Gród Kraka istnieje miastem poufałym ze swej propozycji rozrywkowej. Bodajże w żadnym innym mieście w naszym kraju nie ma tylu knajp, barów i restauracji. Niedaleko samym tylko Rynku istnieje pięćset miejsc, w których spragnieni rozrywek oraz uszczuplenia portfeli turyści z przyjemnością tłumnie spędzają czas wolny. Rzeczywiście jest na Krakowskim Kazimierzu.
Knajpy Kraków
Ta zapadła i zapuszczona dotychczas dzielnica stanowi znaczący element na rozrywkowej mapie Krakowa. Nie ustępuje Rynkowi w kwestii jakości i ilości lokali. Przyciąga jak magnes. Jeszcze kilka lat temu Kazimierz był ostoją dla ludzi, którzy chcieli uciec o komercji i kiepskiej obsługi w lokalach rynkowych. Szukali na Kazimierzu atmosfery cyganerii, gdzie w zadymionych knajpach siedzieli pisarze, poeci, słowem ludzieróżnej proweniencji. Kazimierz był wielce tajemniczy.
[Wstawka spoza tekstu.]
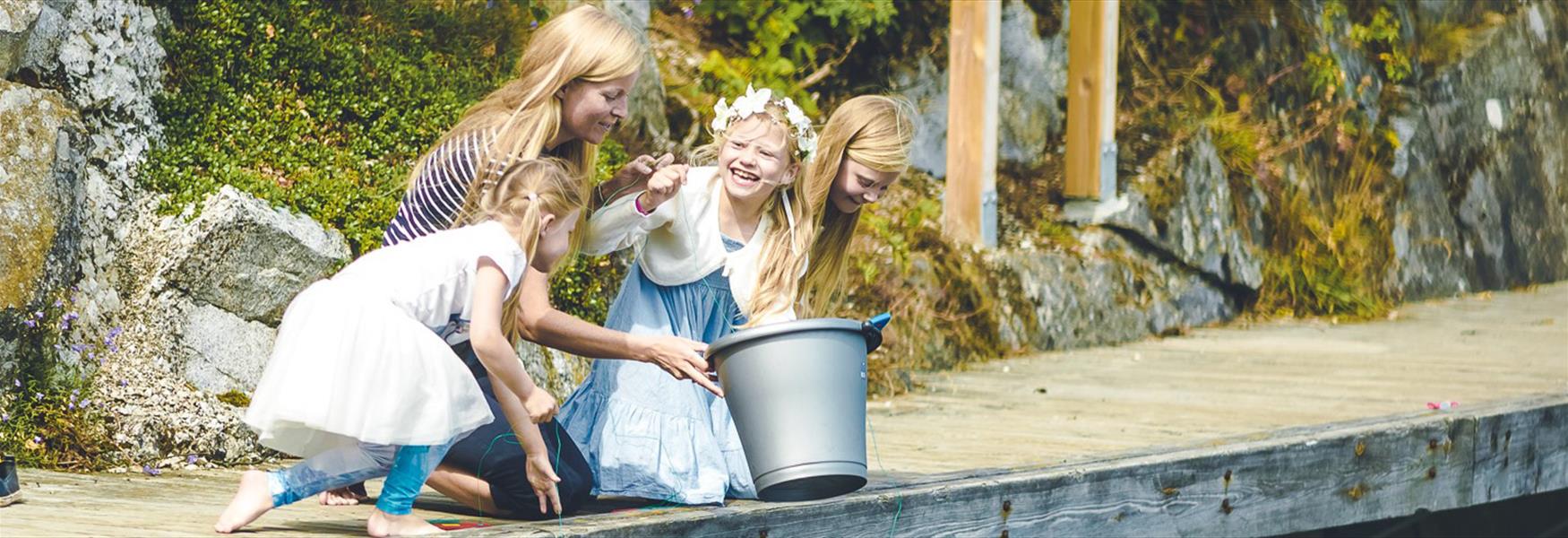 dame med 3 jenter og en bøtte på en brygge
Niewielu wiedziało gdzie iść by dostać tani kieliszek czystej, niejednokrotnie ciepłej wódki, porozmawiać z nietuzinkowymi ludźmi, wreszcie by nurzać się w wyjątkowej atmosferze Singera czy też Alchemii. Teraz na Kazimierz rządzi jednak, mimo wszystko, komercja. Atmosfera, tak ceniona przez ludzi, niemalże zniknęła. Zmieniły się ciche uliczki Kazimierza. Zginęłyby serwety, świeczki w butelkach po winie. Powstały dyskoteki, restauracje. Jest głośno i drogo. Dekadentyzm miejsca ustąpił mało przytulniej nowoczesności.